- PROBLEM DETAILS
Word for word, restate the lines from the one holding "Wisteria Way, Tangmere Luaran gambar" through the last line of the material below, and leave every picture out.

- MATERIAL FOR THIS EXERCISE
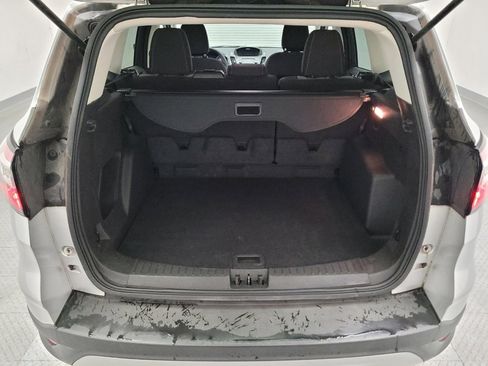 Used 2018 Ford Escape SE FWD image 29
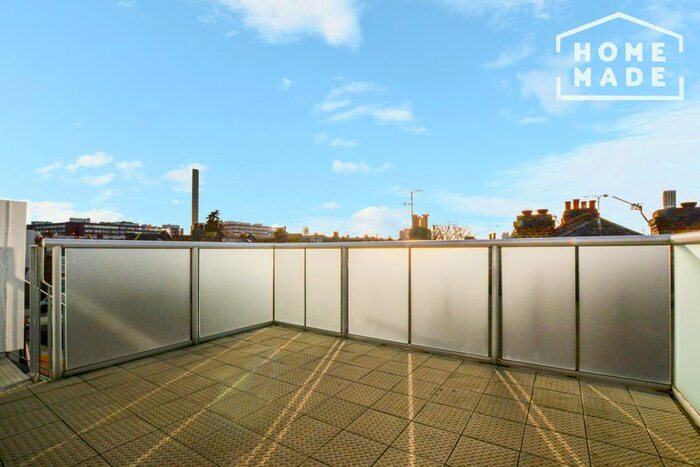 2 Bedroom Flat To Rent In Garratt Lane, Tooting SW17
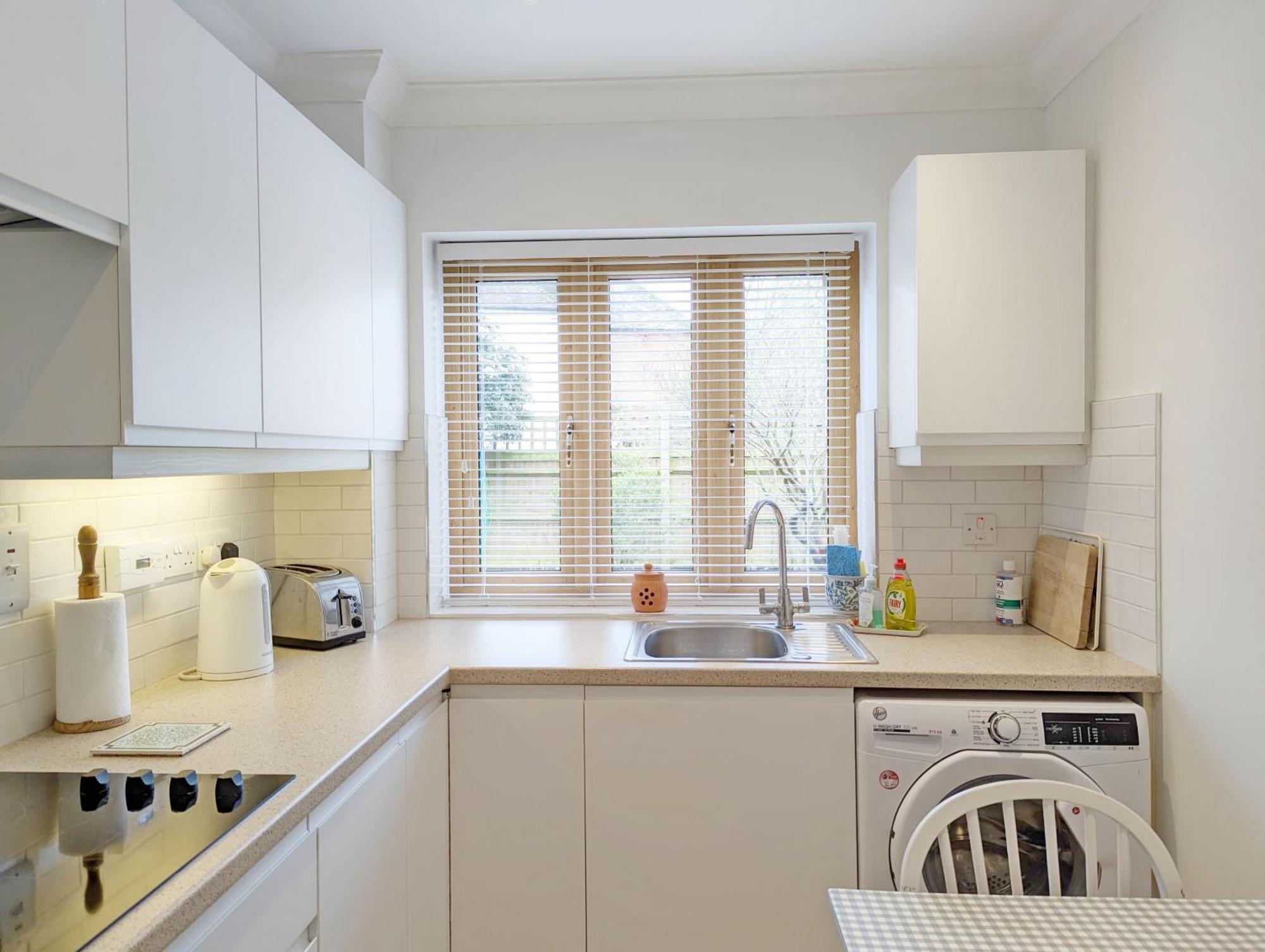 Wisteria Way, Tangmere Luaran gambar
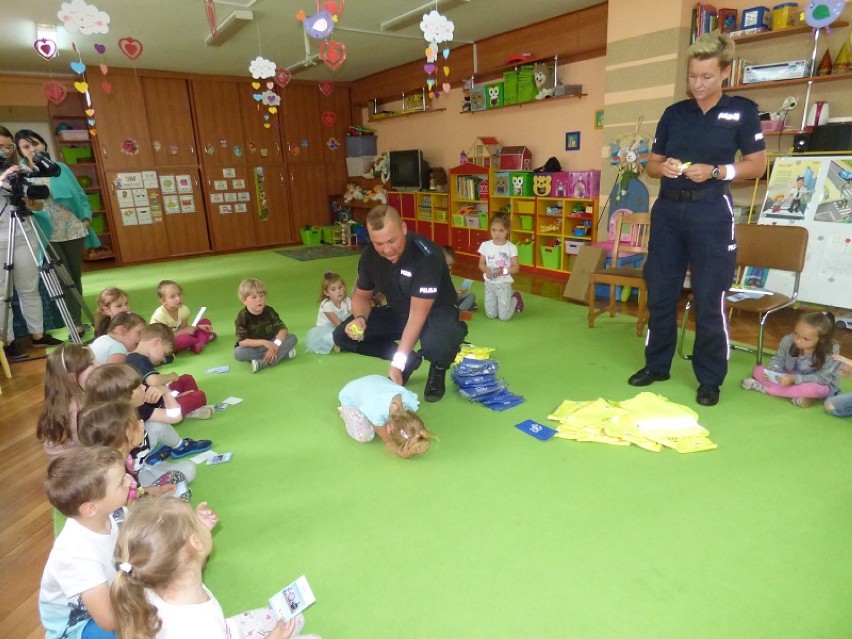 Policjanci odwiedzili maluchy z Przedszkola nr 1 w Lęborku ZDJĘCIA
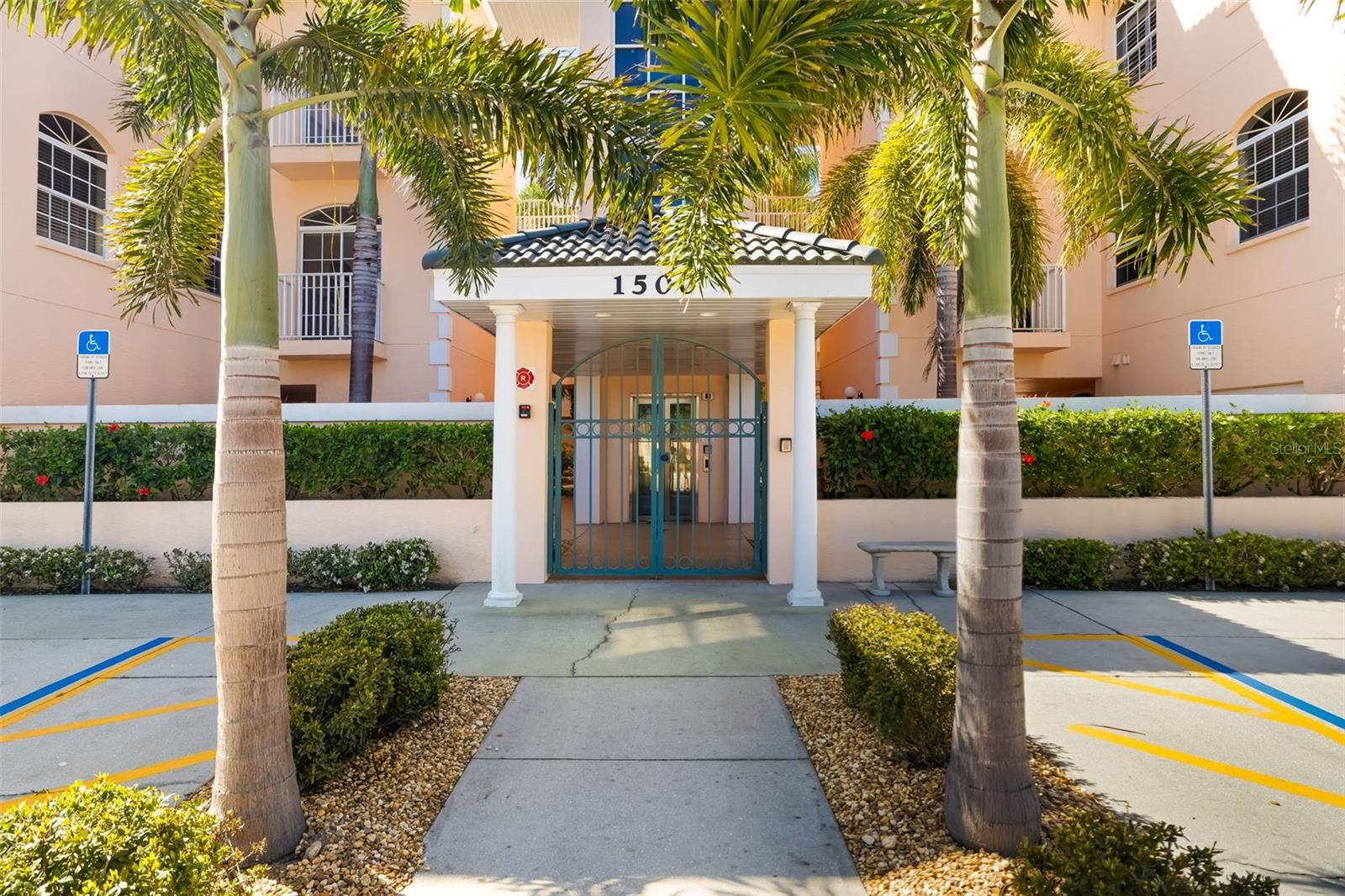 1522 Gondola Park Dr, Venice, FL 34292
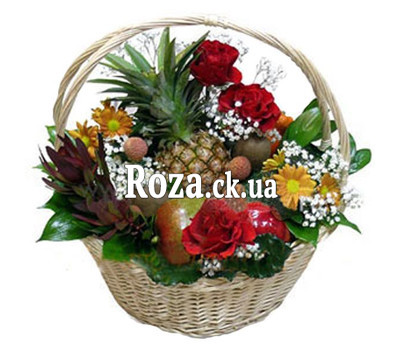 Кошик з фруктами і квітами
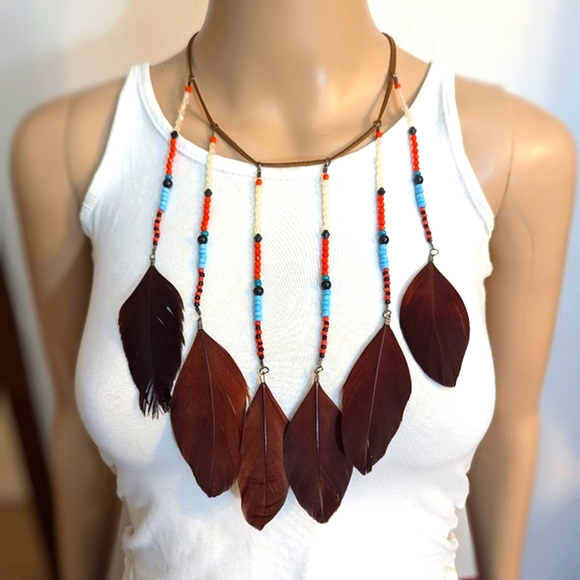 🌟3/$20🌟 Feather Beaded Necklace - Picture 2 of 4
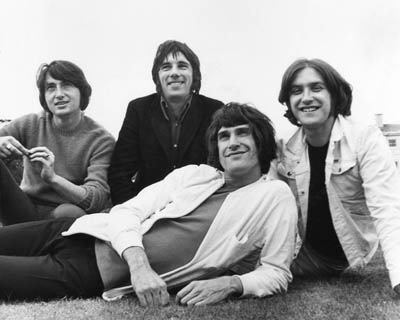 ザ・キンクス（The Kinks）の最高傑作との呼び声高い『THE VILLAGE GREEN PRESERVATION SOCIETY』50周年記念版  - TOWER RECORDS ONLINE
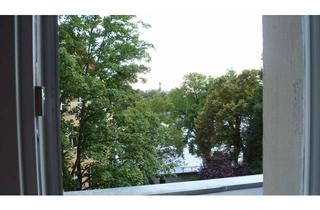 Wohnung kaufen in Gutenbergstraße 23, 12557 Köpenick, 2 schöne Altbauwohnungen im Paket im beliebten Ortsteil Treptow-Köpenick - mit Blick auf die Dahme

- RESULT OF THE EXERCISE
 Wisteria Way, Tangmere Luaran gambar
 Policjanci odwiedzili maluchy z Przedszkola nr 1 w Lęborku ZDJĘCIA
 1522 Gondola Park Dr, Venice, FL 34292
 Кошик з фруктами і квітами
 🌟3/$20🌟 Feather Beaded Necklace - Picture 2 of 4
 ザ・キンクス（The Kinks）の最高傑作との呼び声高い『THE VILLAGE GREEN PRESERVATION SOCIETY』50周年記念版  - TOWER RECORDS ONLINE
 Wohnung kaufen in Gutenbergstraße 23, 12557 Köpenick, 2 schöne Altbauwohnungen im Paket im beliebten Ortsteil Treptow-Köpenick - mit Blick auf die Dahme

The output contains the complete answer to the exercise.